§ **DATASET EXCERPT**:
--- START ---
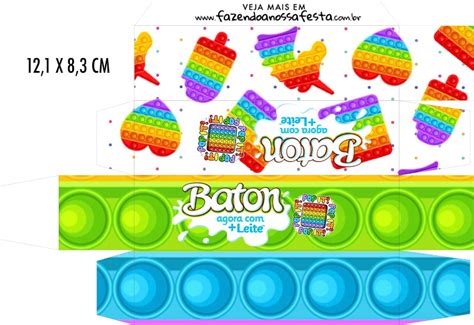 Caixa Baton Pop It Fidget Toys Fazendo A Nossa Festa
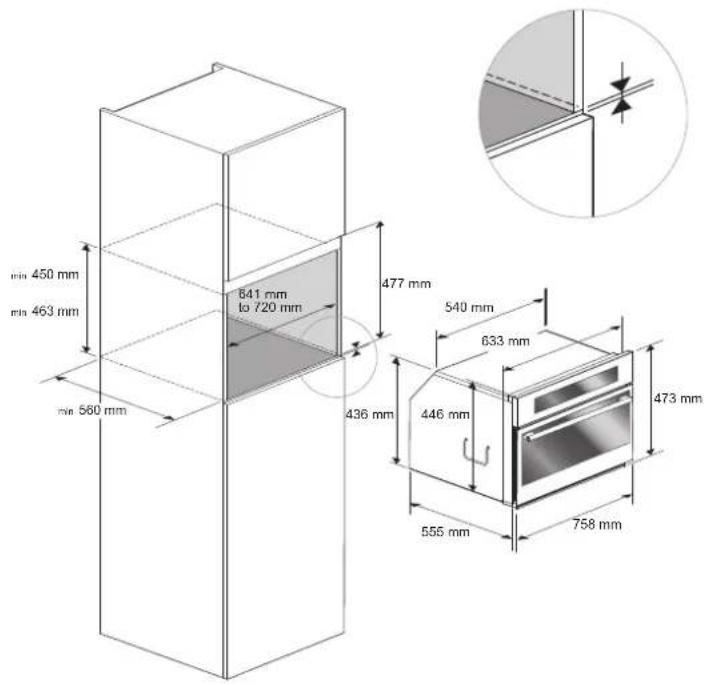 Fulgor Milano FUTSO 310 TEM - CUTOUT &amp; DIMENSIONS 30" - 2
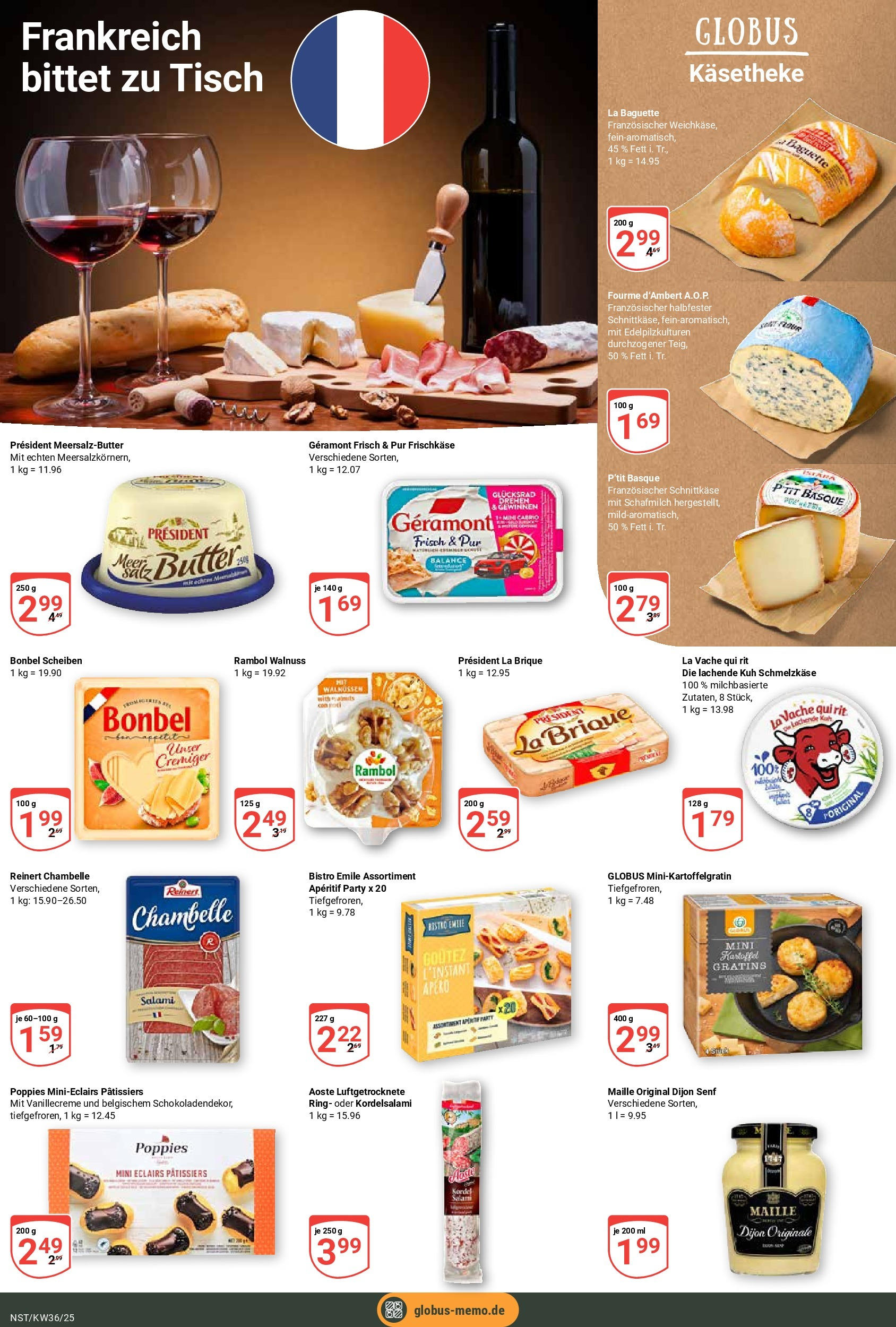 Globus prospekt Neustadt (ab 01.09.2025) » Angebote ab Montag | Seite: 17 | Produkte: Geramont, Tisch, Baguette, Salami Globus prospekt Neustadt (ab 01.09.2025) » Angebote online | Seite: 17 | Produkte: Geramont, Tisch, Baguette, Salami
--- END ---
§ **TASK STATEMENT**: Write out all of the data above exactly, without any of its pictures.

§ **RESULT OF THE EXERCISE**:
 Caixa Baton Pop It Fidget Toys Fazendo A Nossa Festa
 Fulgor Milano FUTSO 310 TEM - CUTOUT &amp; DIMENSIONS 30" - 2
 Globus prospekt Neustadt (ab 01.09.2025) » Angebote ab Montag | Seite: 17 | Produkte: Geramont, Tisch, Baguette, Salami Globus prospekt Neustadt (ab 01.09.2025) » Angebote online | Seite: 17 | Produkte: Geramont, Tisch, Baguette, Salami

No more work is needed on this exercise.